This is the mail archive of the
libc-alpha@sourceware.org
mailing list for the glibc project.
Re: [PATCHv3] powerpc: Fix write-after-destroy in lock elision
- From: Adhemerval Zanella <adhemerval dot zanella at linaro dot org>
- To: Torvald Riegel <triegel at redhat dot com>
- Cc: libc-alpha at sourceware dot org
- Date: Mon, 2 Jan 2017 15:25:02 -0200
- Subject: Re: [PATCHv3] powerpc: Fix write-after-destroy in lock elision
- Authentication-results: sourceware.org; auth=none
- References: <20161212043646.GL10558@vapier.lan> <1482343384-28430-1-git-send-email-tuliom@linux.vnet.ibm.com> <afe9f3de-5d30-7df0-8af0-b120bb7bdad0@linaro.org> <1483377714.13143.99.camel@redhat.com>
On 02/01/2017 15:21, Torvald Riegel wrote:
> On Mon, 2017-01-02 at 15:03 -0200, Adhemerval Zanella wrote:
>> LGTM with a nit only on the comment about the adapt_count decrement in
>> unlock.
>>
>> On 21/12/2016 16:03, Tulio Magno Quites Machado Filho wrote:
>>> From: Rajalakshmi Srinivasaraghavan <raji@linux.vnet.ibm.com>
>>>
>>> Changes since v2:
>>> - Fixed coding style.
>>>
>>> Changes since v1:
>>> - Removed references to data race by the actual error: write-after-destroy.
>>> - Enclosed adapt_count accesses in C11 atomics.
>>>
>>> --- 8< ---
>>>
>>> The update of *adapt_count after the release of the lock causes a race
>>> condition when thread A unlocks, thread B continues and destroys the
>>> mutex, and thread A writes to *adapt_count.
>>
>>
>>>
>>> diff --git a/sysdeps/unix/sysv/linux/powerpc/elision-unlock.c b/sysdeps/unix/sysv/linux/powerpc/elision-unlock.c
>>> index 43c5a67..0e0baf5 100644
>>> --- a/sysdeps/unix/sysv/linux/powerpc/elision-unlock.c
>>> +++ b/sysdeps/unix/sysv/linux/powerpc/elision-unlock.c
>>> @@ -28,13 +28,17 @@ __lll_unlock_elision (int *lock, short *adapt_count, int pshared)
>>> __libc_tend (0);
>>> else
>>> {
>>> - lll_unlock ((*lock), pshared);
>>> -
>>> - /* Update the adapt count AFTER completing the critical section.
>>> - Doing this here prevents unneeded stalling when entering
>>> - a critical section.
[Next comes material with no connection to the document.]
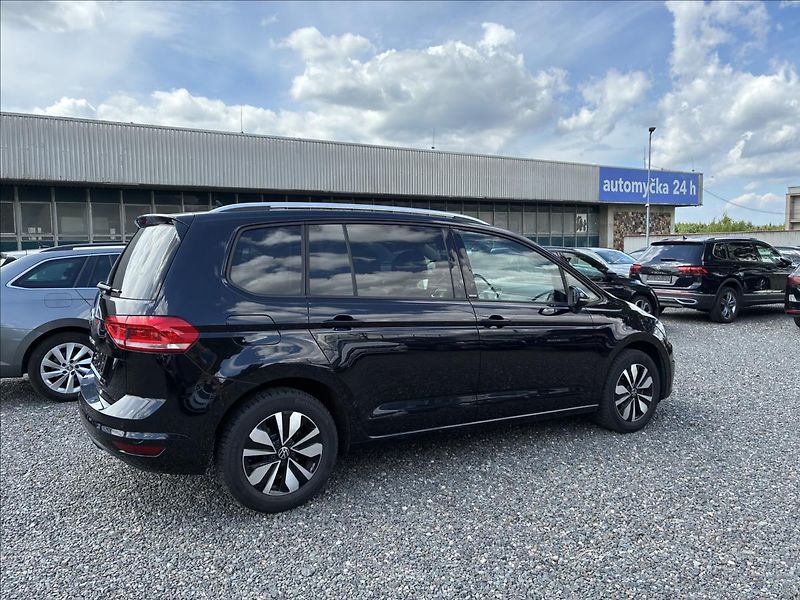 Volkswagen Touran 2,0 TDI ,7 MÍST,TAŽNÉ,KAMERA - fotka 8 z 35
Saving about 8% runtime on P8. */
>>> + /* Update adapt_count in the critical section to prevent a
>>> + write-after-destroy error as mentioned in BZ 20822. The
>>> + following update of adapt_count is clearly contained within
>>> + the critical region of the fall-back lock as it immediately
>>> + precedes the unlock. Attempting to use C11 atomics to access
>>> + adapt_count would be (at minimum) misleading and (at worse) a
>>> + serious error forcing a larx-hit-stcx flush. */
>>> if (*adapt_count > 0)
>>> (*adapt_count)--;
>>
>> I think C11 atomic comment should outline that using atomic_fetch_add_relaxed
>> generates suboptimal code, not misleading, since it generates an atomic sequence
>> using lharx/sthcx. on a transaction region. Something like:
>>
>> /* Update adapt_count in the critical section to prevent a
>> write-after-destroy error as mentioned in BZ 20822. The
>> following update of adapt_count is clearly contained within
>> the critical region of the fall-back lock as it immediately
>> precedes the unlock.
>> Using C11 atomics like atomic_fetch_add_relaxed generates
>> suboptimal code (lharx/sthcx. sequence) where an plain load,
>> update, store is suffice inside a HTM region (the whole
>> idea of using this construction). */
>
> Yes.
>
> For the record, I'm still of the opinion that it should just use atomic
> relaxed MO loads and stores -- simply for consistency and to make future
> transition to C11 atomic types easier.
>
I think it can be changed to:
if (atomic_load_relaxed (adapt_count) > 0)
(*adapt_count)--;
Without performance issues and the comment will outline why not C11 atomic is
not being used in this specific snippet.